Over recent years the Government appears to have become addicted to making wide-ranging changes to the pensions tax regime and many would bet on significant (further) changes being announced in the Budget on Wednesday 16 March. Some changes may take immediate effect from Budget Day; others from 6 April 2016 or later tax years.
Will we see the introduction of a new “pensions ISA” with no tax relief being given on the way in, and no taxation on the way out?
Alternatively, will we see the abolition of marginal rate income tax relief? At present pension contributions can benefit from income tax relief at effective rates of up to 60%. Will this beneficial regime be replaced with a flat rate of income tax relief of say 25% or 30%?
Will the 25% “tax free lump sum” be preserved? Or will pension savings made on or after 6 April 2016 not benefit from such an entitlement?

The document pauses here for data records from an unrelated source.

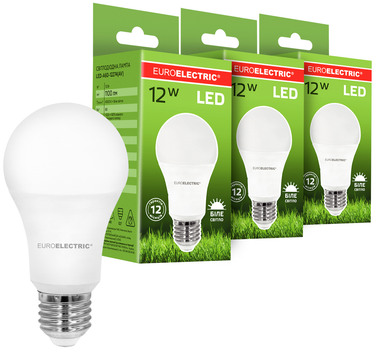 Світлодіодна лампа Euroelectric LED А60 12W 1100 Lm E27 4000K 3шт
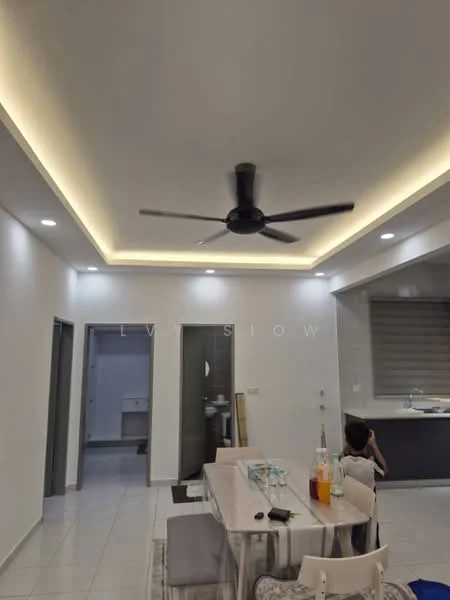 Room features: white painted walls, recessed ceiling lights, 5-blade ceiling fan with light, tile flooring, dining table with chairs, kitchen area visible in background, open layout, neutral color palette; style: modern.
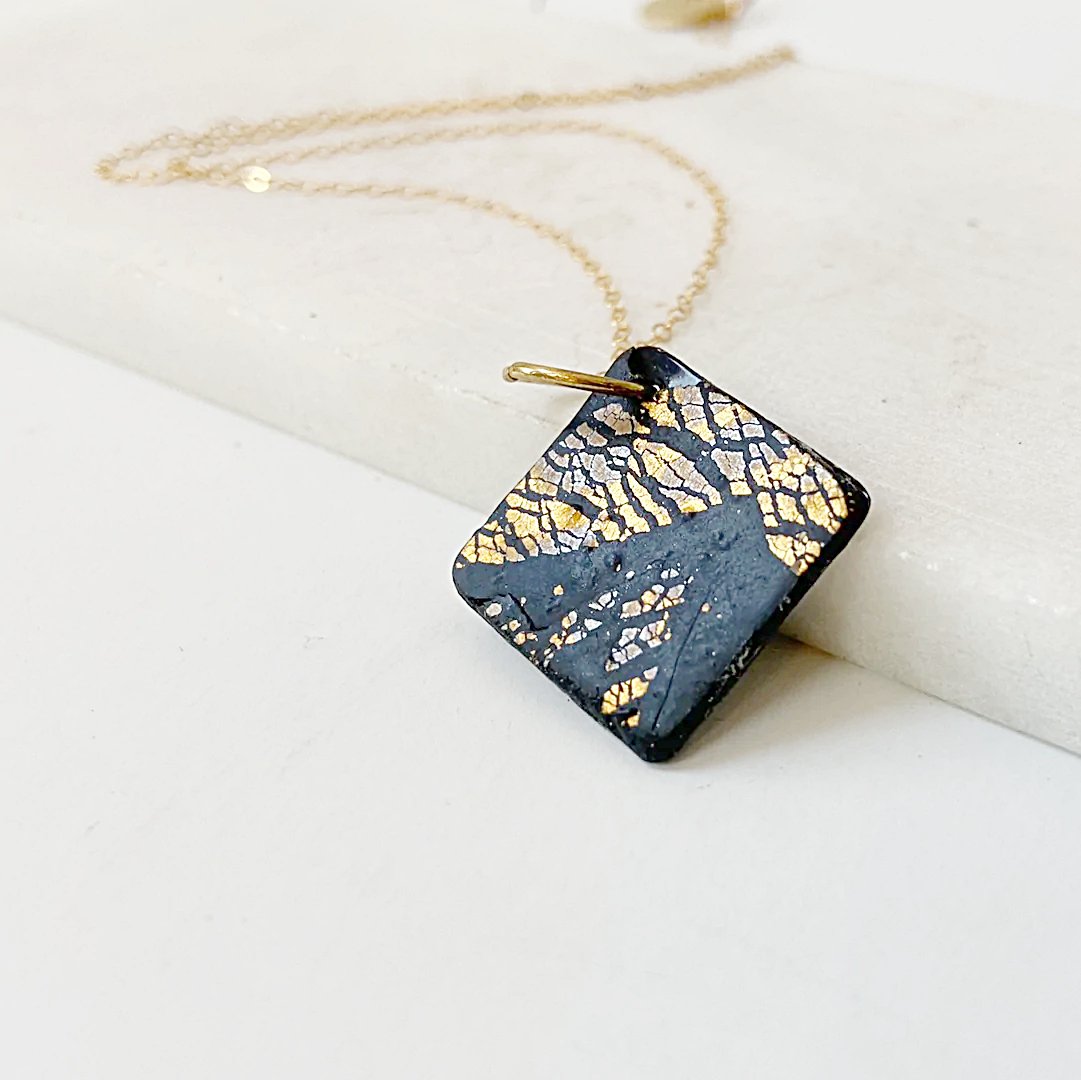 Black and Gold Polymer Clay  Pendant Necklace Sandrine Colson
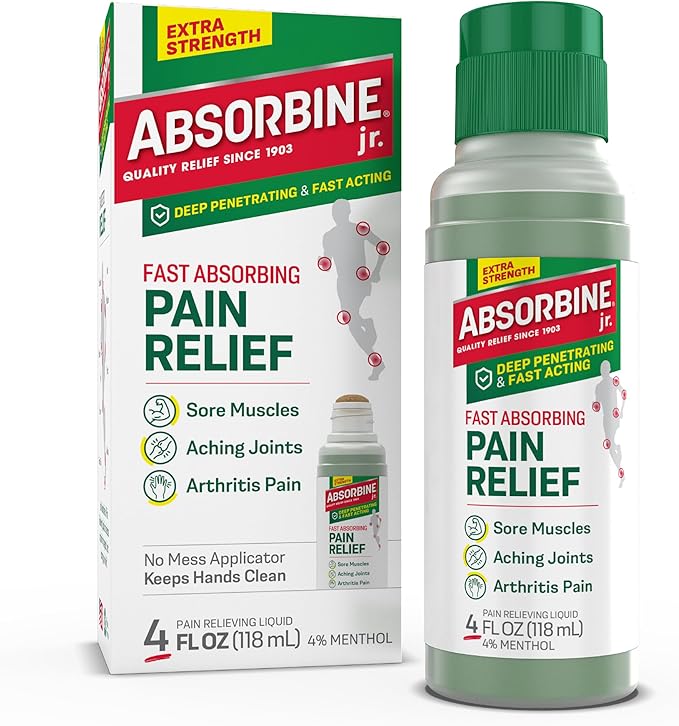Absorbine Jr. Maximum-Strength Pain-Relieving Liquid - 4% Menthol Topical Relief for Muscle, Joint, Arthritis, & Nerve Pain - Fast-Acting Herbal Formula with No-Mess Applicator - 4 fl oz (Pack of 1)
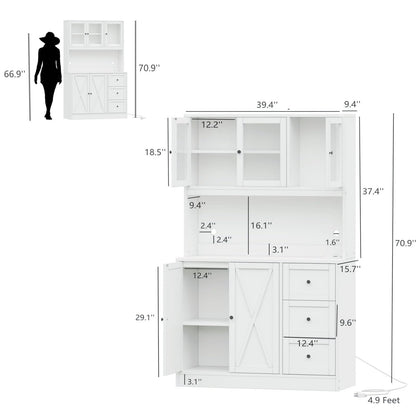 Irontar 70.9'' Kitchen Pantry Cabinet, Kitchen Hutch with Microwave Stand & Charging Station, Farmhouse Tall Kitchen Cabinet with Countertop, Bar Cabinet with Drawer and Glass Doors, White CW - WoodArtSupply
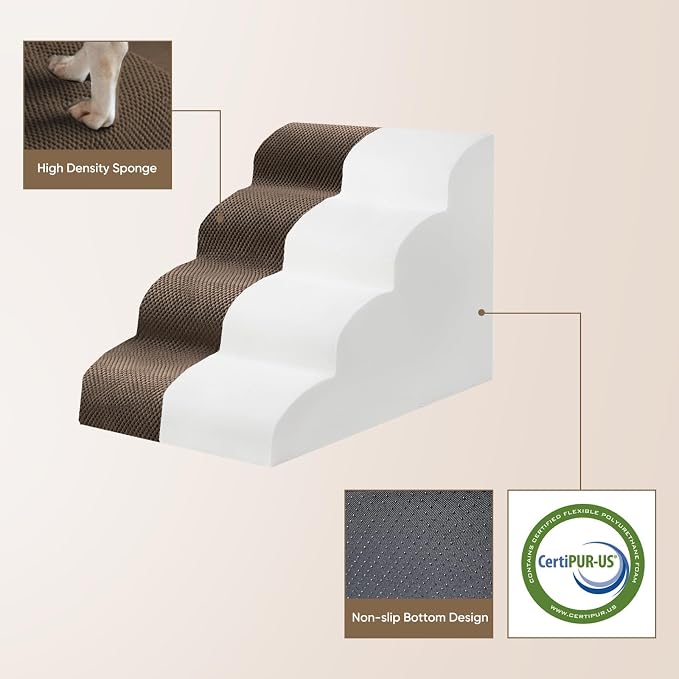 PAWSCRAT Pet Stairs for Dogs 4-Step, 19.6" H Pet Stairs for High Bed, Couch Sofa & Chair, 30D Material Soft Foam Dog Steps with Non-Slip Bottom Surface Removable Washable Cover, Brown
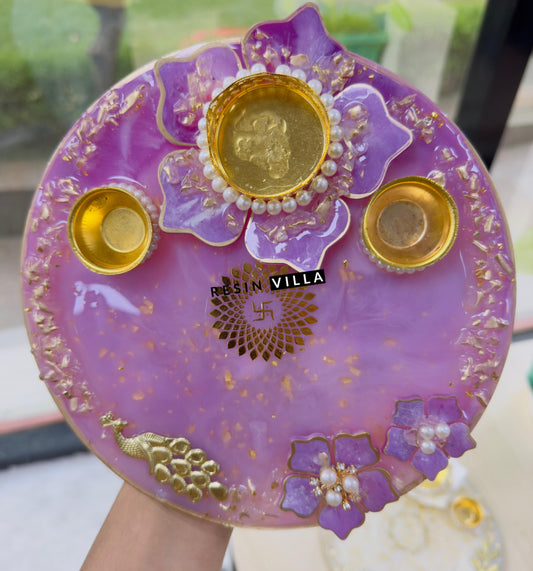 Resin Art, Pooja Thali, Karwa Chauth, Navratri, Diwali Gift and Daily Prayer in purple color 8 inch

Until the position becomes clear on 16 March we can only work with the existing regime and individuals would be well advised to take note of some or all of the planning points listed below. To my mind, anyone banking on benefitting from income tax relief at rates of 40% or 45% or even 60% on making a pension contribution should ensure it is paid over in cleared funds to the pension provider well in advance of Wednesday 16 March!
Pensions Tax Regime- Key planning points
- Any higher rate individual taxpayer considering making a one off personal pension contribution should make sure that the contribution is paid/cleared before 16 March.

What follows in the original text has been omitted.